=== Begin Enclosure ===

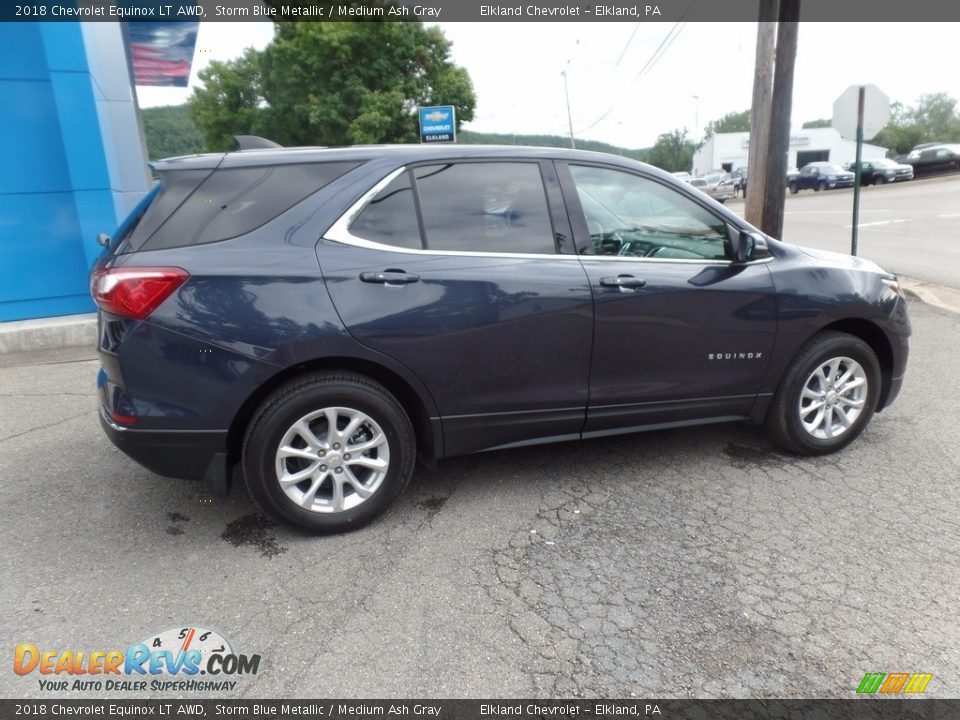 2018 Chevrolet Equinox LT AWD Storm Blue Metallic / Medium Ash Gray Photo #8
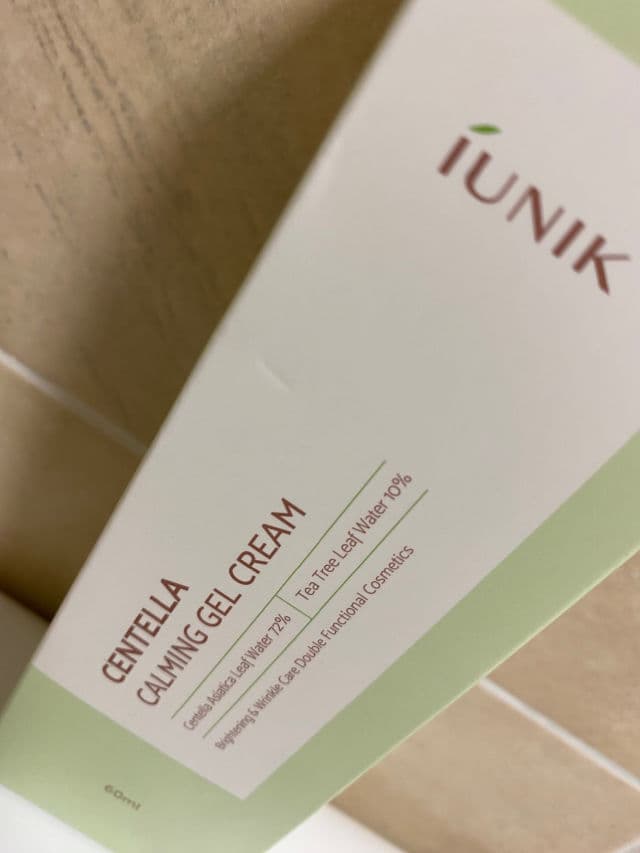 Iunik Centella Calming Gel Cream review photo by mariposasinalass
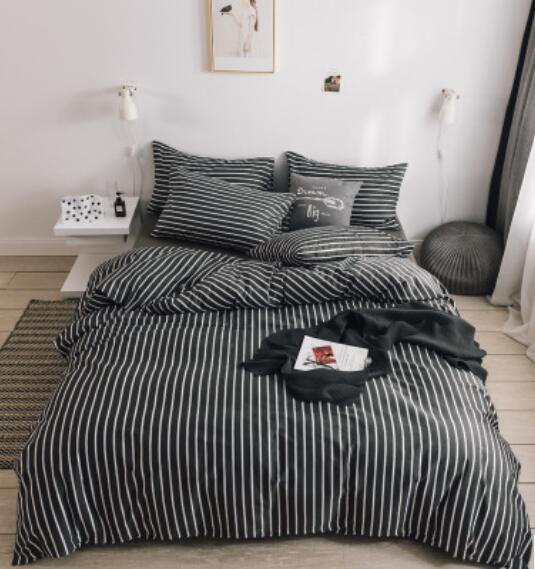 3D Black Pinstripe 17135 Bed Pillowcases Quilt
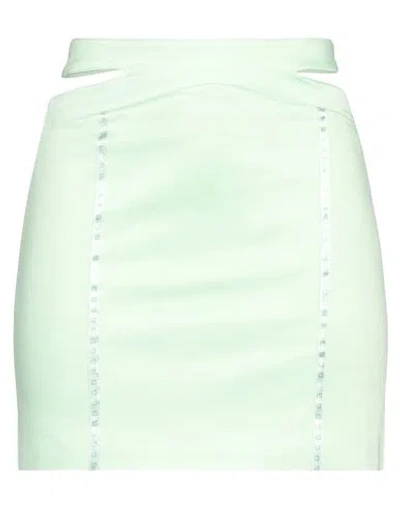 Gaelle Paris Gaëlle Paris Woman Mini Skirt Light Green Size 4 Cotton, Viscose, Elastane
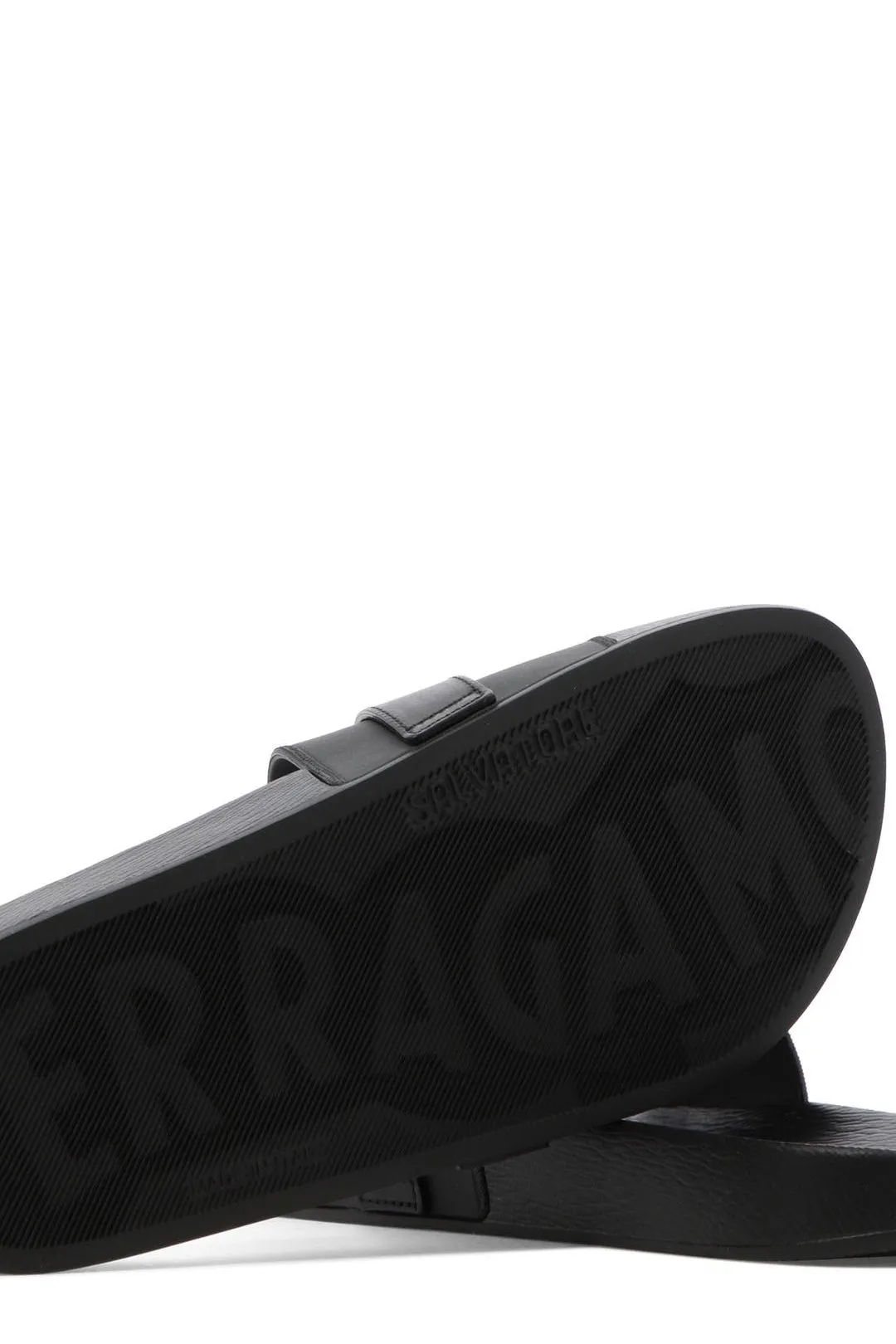 Salvatore Ferragamo Gancini Plaque Slides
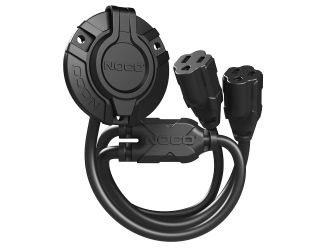 The GCP2 is an AC Port Plug with dual integrated extension cables (18-inch) that offers optimal flexibility and ease of installation. It can mount to the exterior of any vehicle to make the charging port more accessible. Equipped with heavy duty 14 AWG wi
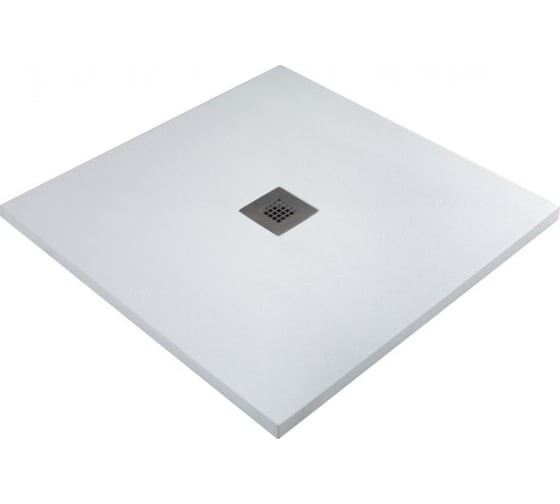 Литьевой поддон Aquanet 001.1 Pleasure NEW 1000х1000х30мм, без сифона, белый камень 00256322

=== End Enclosure ===

**Task statement**
Print the material in full and exactly, minus the pictures.

**Task result**
 2018 Chevrolet Equinox LT AWD Storm Blue Metallic / Medium Ash Gray Photo #8
 Iunik Centella Calming Gel Cream review photo by mariposasinalass
 3D Black Pinstripe 17135 Bed Pillowcases Quilt
 Gaelle Paris Gaëlle Paris Woman Mini Skirt Light Green Size 4 Cotton, Viscose, Elastane
 Salvatore Ferragamo Gancini Plaque Slides
 The GCP2 is an AC Port Plug with dual integrated extension cables (18-inch) that offers optimal flexibility and ease of installation. It can mount to the exterior of any vehicle to make the charging port more accessible. Equipped with heavy duty 14 AWG wi
 Литьевой поддон Aquanet 001.1 Pleasure NEW 1000х1000х30мм, без сифона, белый камень 00256322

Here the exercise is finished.